§ **What to do**
Using the data below, transcribe exactly everything from the line that contains "NWT AE Long-Sleeve Henley Bodysuit" down to the line that contains "Item preview, Prague, Czech". Include both of those lines and none of the pictures.

§ **Provided entries**
··········

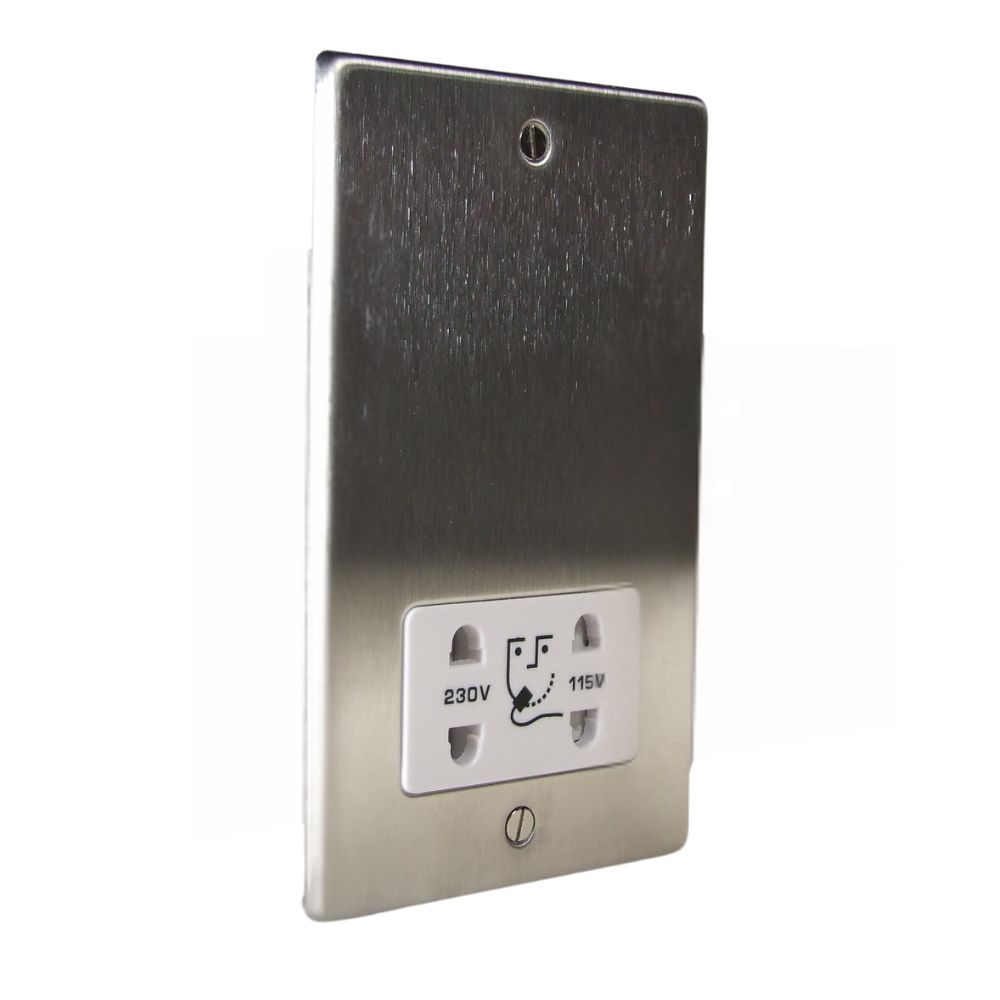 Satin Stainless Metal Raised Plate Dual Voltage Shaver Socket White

··········

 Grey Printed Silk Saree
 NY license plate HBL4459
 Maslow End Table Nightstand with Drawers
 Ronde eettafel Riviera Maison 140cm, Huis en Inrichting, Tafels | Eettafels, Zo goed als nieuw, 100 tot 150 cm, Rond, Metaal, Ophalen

··········

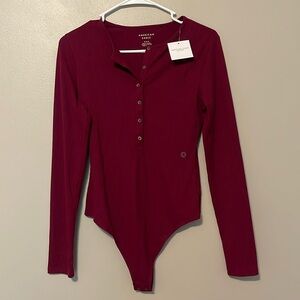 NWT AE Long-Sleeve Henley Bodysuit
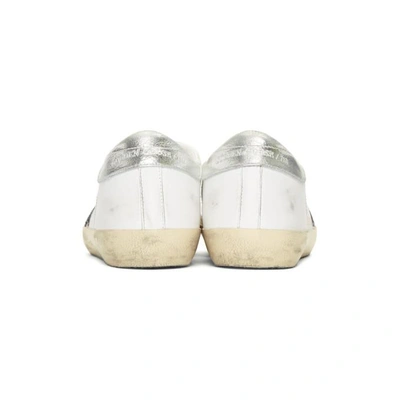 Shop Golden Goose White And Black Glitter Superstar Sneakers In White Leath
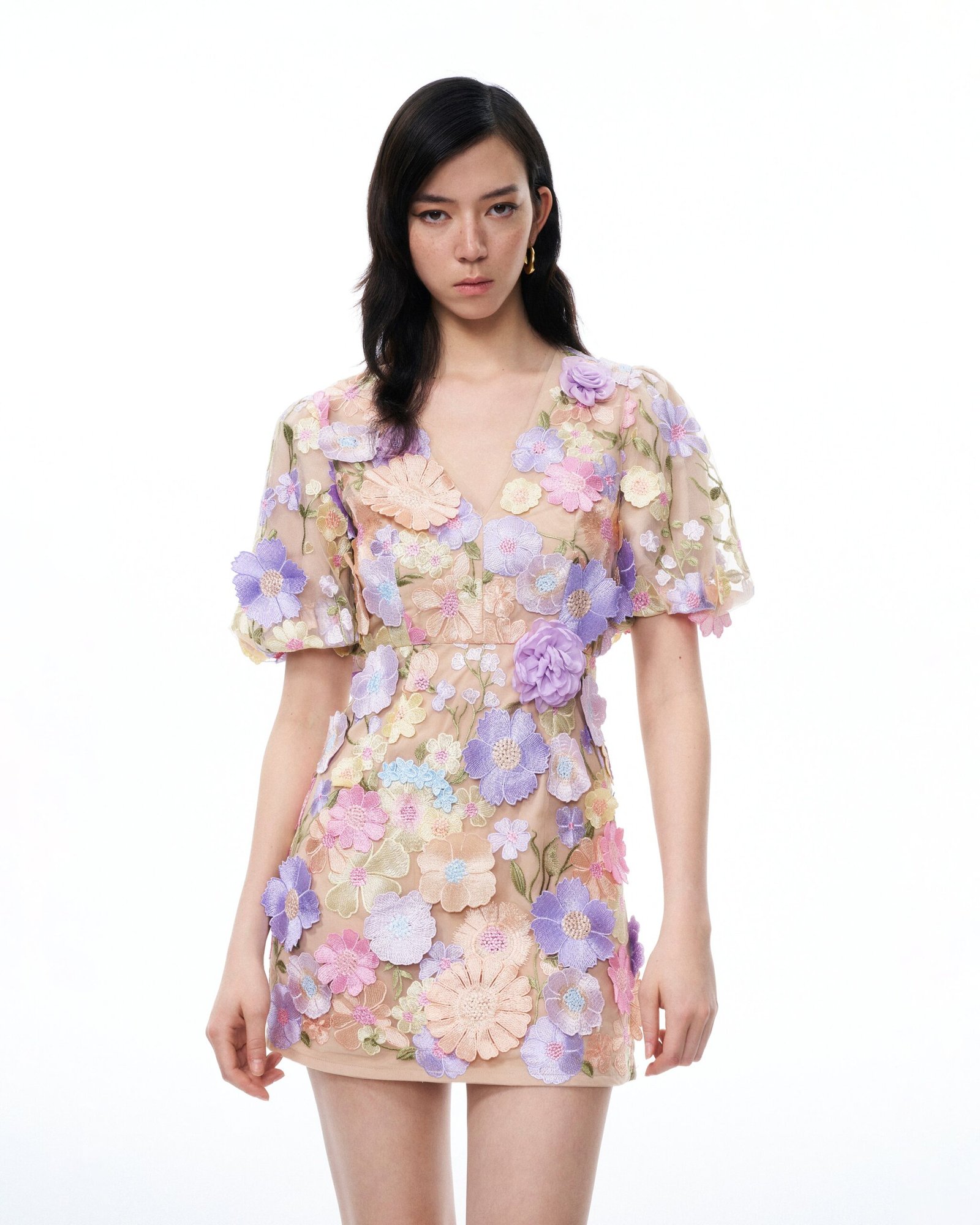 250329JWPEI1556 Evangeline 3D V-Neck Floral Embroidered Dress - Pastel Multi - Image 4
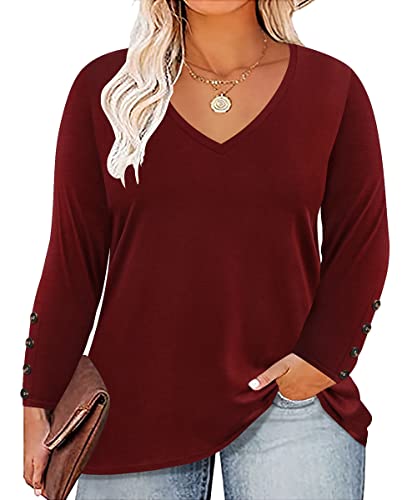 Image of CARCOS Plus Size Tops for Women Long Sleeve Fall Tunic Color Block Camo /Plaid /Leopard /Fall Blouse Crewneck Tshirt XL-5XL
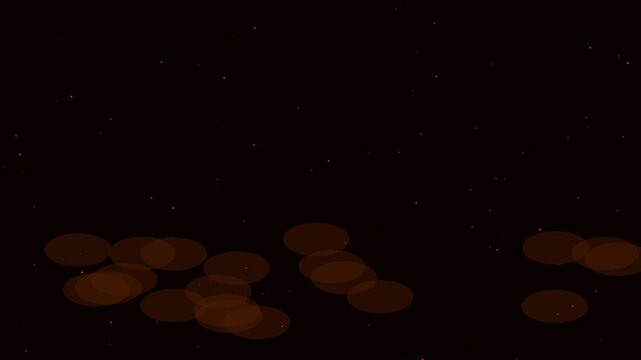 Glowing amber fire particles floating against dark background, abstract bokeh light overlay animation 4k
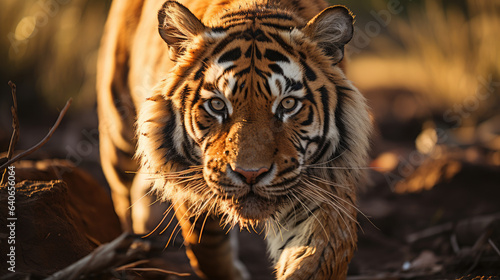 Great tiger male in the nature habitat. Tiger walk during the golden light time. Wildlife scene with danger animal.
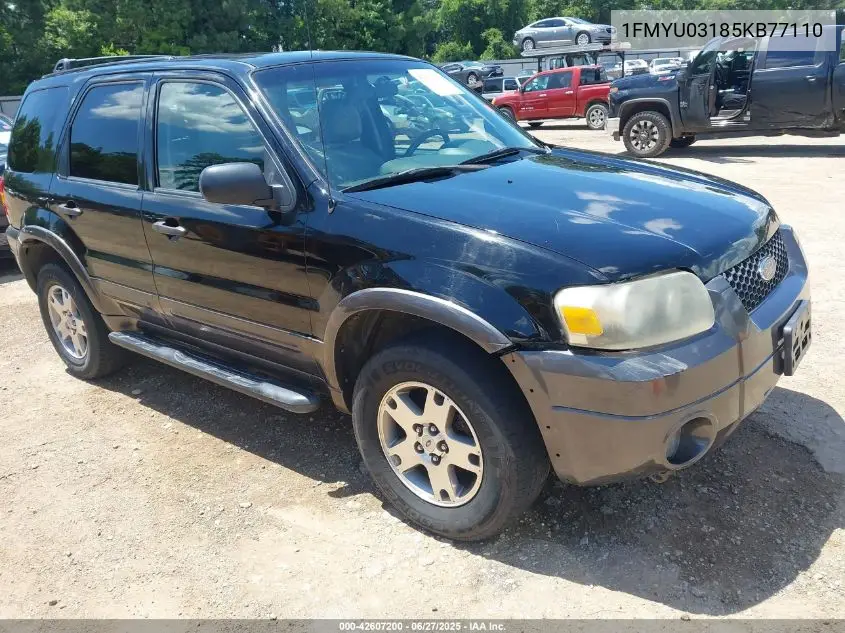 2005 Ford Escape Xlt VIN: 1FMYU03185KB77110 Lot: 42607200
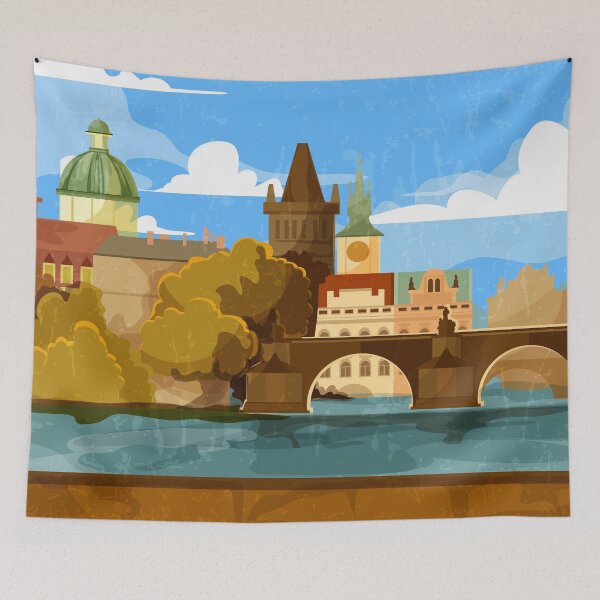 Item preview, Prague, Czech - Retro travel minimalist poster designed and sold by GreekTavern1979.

··········

§ **Exercise solution**
 NWT AE Long-Sleeve Henley Bodysuit
 Shop Golden Goose White And Black Glitter Superstar Sneakers In White Leath
 250329JWPEI1556 Evangeline 3D V-Neck Floral Embroidered Dress - Pastel Multi - Image 4
 Image of CARCOS Plus Size Tops for Women Long Sleeve Fall Tunic Color Block Camo /Plaid /Leopard /Fall Blouse Crewneck Tshirt XL-5XL
 Glowing amber fire particles floating against dark background, abstract bokeh light overlay animation 4k
 Great tiger male in the nature habitat. Tiger walk during the golden light time. Wildlife scene with danger animal.
 2005 Ford Escape Xlt VIN: 1FMYU03185KB77110 Lot: 42607200
 Item preview, Prague, Czech - Retro travel minimalist poster designed and sold by GreekTavern1979.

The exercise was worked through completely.